*** SOURCE INFORMATION

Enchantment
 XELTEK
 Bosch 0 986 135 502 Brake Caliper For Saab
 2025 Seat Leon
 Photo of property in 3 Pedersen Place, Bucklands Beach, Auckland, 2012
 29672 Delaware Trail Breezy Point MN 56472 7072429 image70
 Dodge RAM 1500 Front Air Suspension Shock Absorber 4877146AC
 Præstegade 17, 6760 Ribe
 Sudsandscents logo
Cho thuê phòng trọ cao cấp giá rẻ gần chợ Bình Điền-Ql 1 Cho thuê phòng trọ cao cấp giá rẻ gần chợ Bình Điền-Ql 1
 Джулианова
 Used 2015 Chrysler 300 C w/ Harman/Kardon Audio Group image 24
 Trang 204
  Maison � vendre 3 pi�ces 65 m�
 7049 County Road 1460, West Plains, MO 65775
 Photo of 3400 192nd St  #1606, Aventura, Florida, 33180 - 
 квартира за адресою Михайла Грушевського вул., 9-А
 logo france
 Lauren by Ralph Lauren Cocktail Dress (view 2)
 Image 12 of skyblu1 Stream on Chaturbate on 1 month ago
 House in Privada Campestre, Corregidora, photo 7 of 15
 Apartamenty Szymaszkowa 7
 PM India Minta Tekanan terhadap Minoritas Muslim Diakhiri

******

> HOW TO COMPLETE THIS TASK: Return the whole of the data, character for character.

> SOLUTION TO THIS PROBLEM:
Enchantment
 XELTEK
 Bosch 0 986 135 502 Brake Caliper For Saab
 2025 Seat Leon
 Photo of property in 3 Pedersen Place, Bucklands Beach, Auckland, 2012
 29672 Delaware Trail Breezy Point MN 56472 7072429 image70
 Dodge RAM 1500 Front Air Suspension Shock Absorber 4877146AC
 Præstegade 17, 6760 Ribe
 Sudsandscents logo
Cho thuê phòng trọ cao cấp giá rẻ gần chợ Bình Điền-Ql 1 Cho thuê phòng trọ cao cấp giá rẻ gần chợ Bình Điền-Ql 1
 Джулианова
 Used 2015 Chrysler 300 C w/ Harman/Kardon Audio Group image 24
 Trang 204
  Maison � vendre 3 pi�ces 65 m�
 7049 County Road 1460, West Plains, MO 65775
 Photo of 3400 192nd St  #1606, Aventura, Florida, 33180 - 
 квартира за адресою Михайла Грушевського вул., 9-А
 logo france
 Lauren by Ralph Lauren Cocktail Dress (view 2)
 Image 12 of skyblu1 Stream on Chaturbate on 1 month ago
 House in Privada Campestre, Corregidora, photo 7 of 15
 Apartamenty Szymaszkowa 7
 PM India Minta Tekanan terhadap Minoritas Muslim Diakhiri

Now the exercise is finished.